| INFORMATION SUPPLIED |
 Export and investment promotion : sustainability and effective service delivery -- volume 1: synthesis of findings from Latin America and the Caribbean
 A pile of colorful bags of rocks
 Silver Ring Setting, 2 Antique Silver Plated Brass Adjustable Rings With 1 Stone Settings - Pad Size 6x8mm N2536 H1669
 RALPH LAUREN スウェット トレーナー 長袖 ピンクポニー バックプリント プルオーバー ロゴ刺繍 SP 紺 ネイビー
---
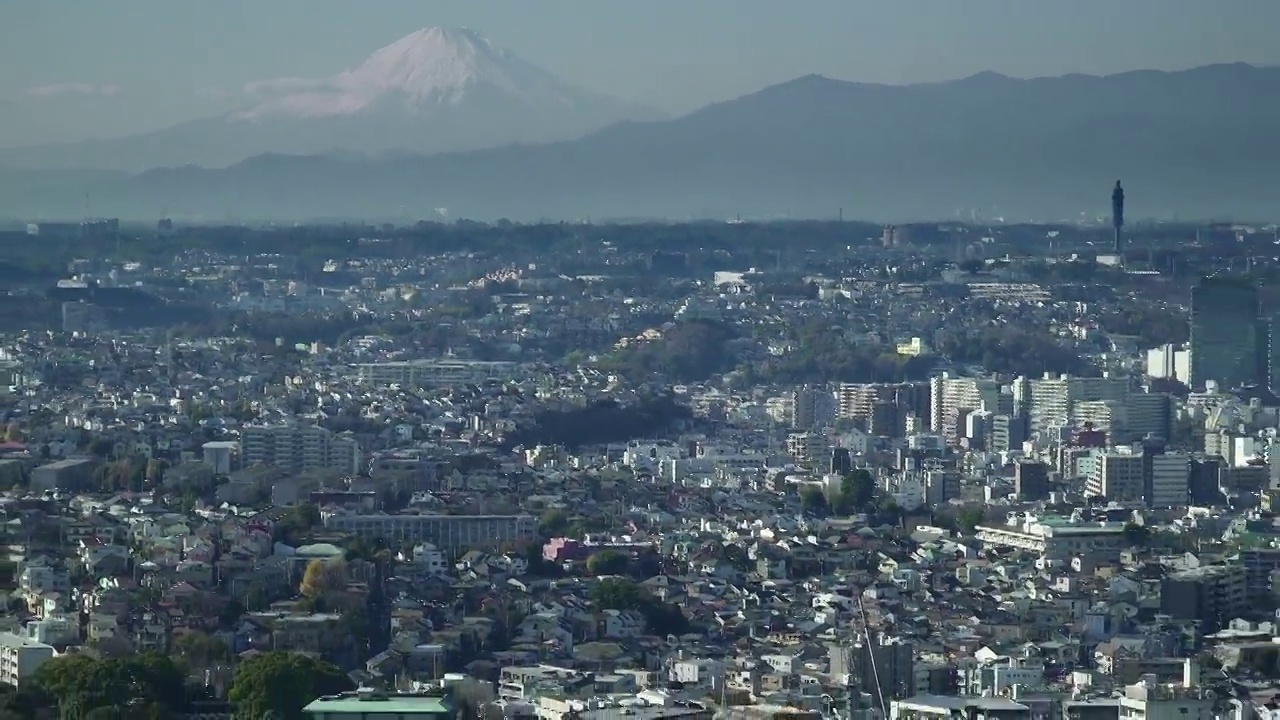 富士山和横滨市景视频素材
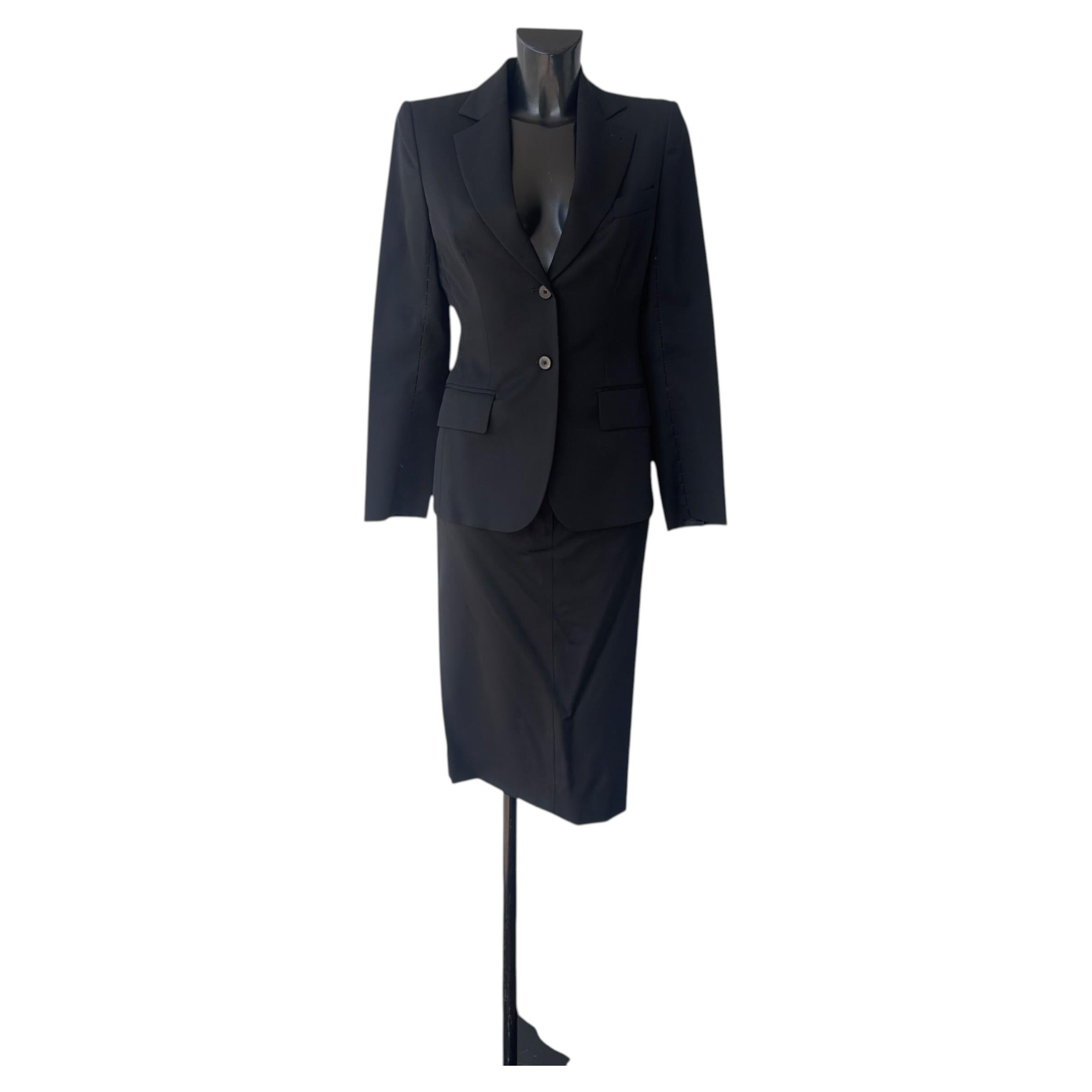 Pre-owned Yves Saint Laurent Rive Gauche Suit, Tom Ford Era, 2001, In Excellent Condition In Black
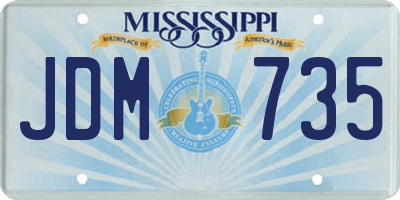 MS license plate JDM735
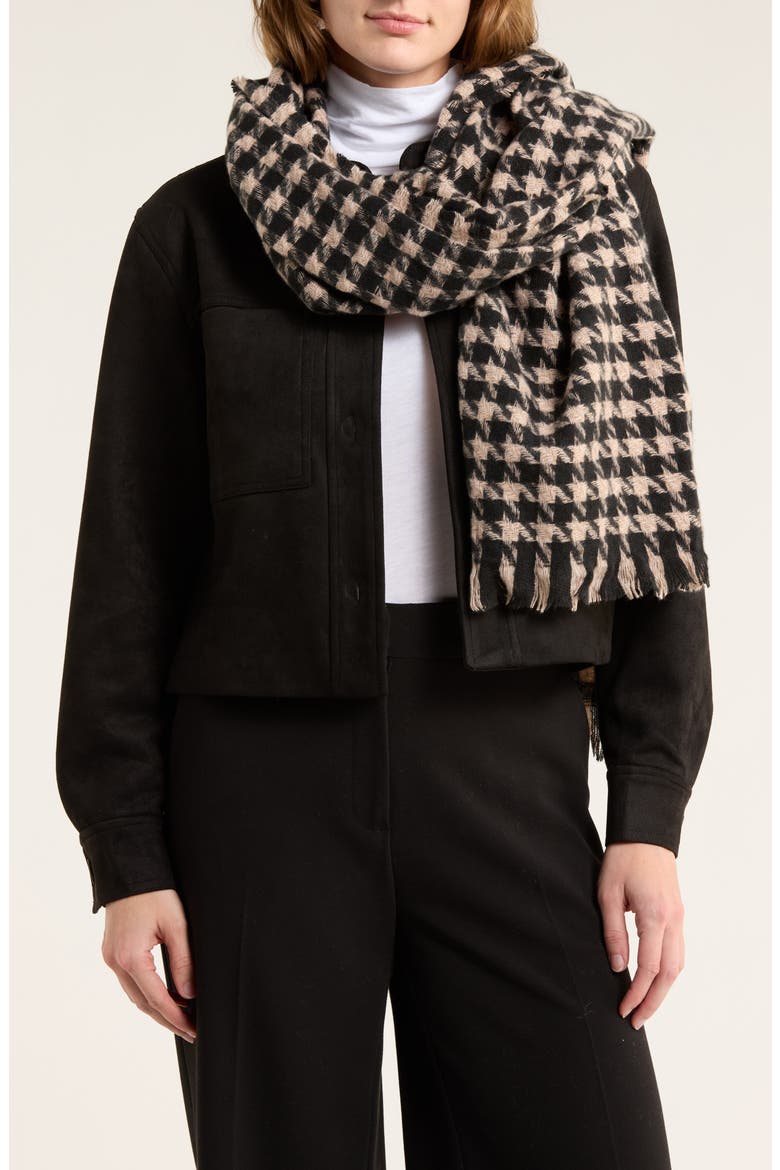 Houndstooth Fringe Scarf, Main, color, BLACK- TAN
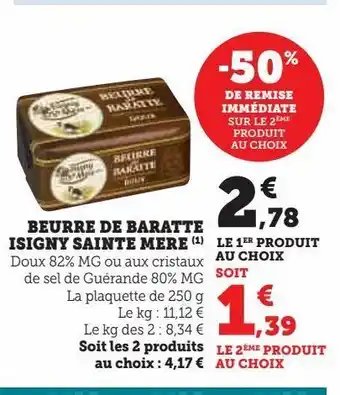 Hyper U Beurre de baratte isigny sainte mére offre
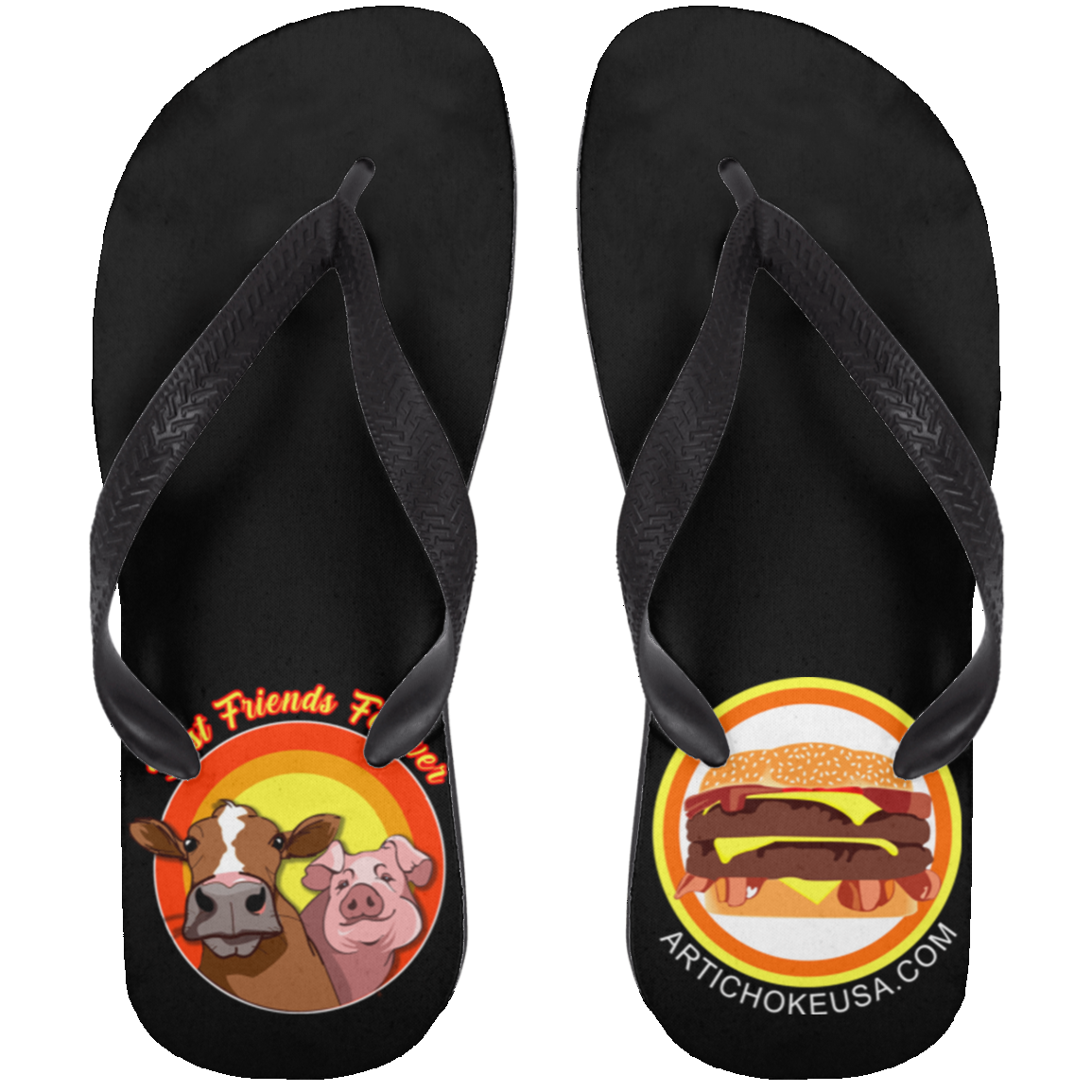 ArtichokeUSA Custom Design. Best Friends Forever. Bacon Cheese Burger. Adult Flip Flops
--
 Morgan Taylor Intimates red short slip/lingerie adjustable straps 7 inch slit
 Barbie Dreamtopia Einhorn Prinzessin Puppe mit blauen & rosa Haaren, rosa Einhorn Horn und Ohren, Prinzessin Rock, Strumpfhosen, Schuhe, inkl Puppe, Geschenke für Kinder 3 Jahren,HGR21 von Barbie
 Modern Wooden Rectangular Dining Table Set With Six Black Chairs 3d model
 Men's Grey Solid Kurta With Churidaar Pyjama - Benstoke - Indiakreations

| INSTRUCTIONS FOR THE TASK |
Quote the listing above, but only from the line that shows "Export and investment" through the line that shows "RALPH LAUREN スウェット".

| SOLVED PROBLEM |
 Export and investment promotion : sustainability and effective service delivery -- volume 1: synthesis of findings from Latin America and the Caribbean
 A pile of colorful bags of rocks
 Silver Ring Setting, 2 Antique Silver Plated Brass Adjustable Rings With 1 Stone Settings - Pad Size 6x8mm N2536 H1669
 RALPH LAUREN スウェット トレーナー 長袖 ピンクポニー バックプリント プルオーバー ロゴ刺繍 SP 紺 ネイビー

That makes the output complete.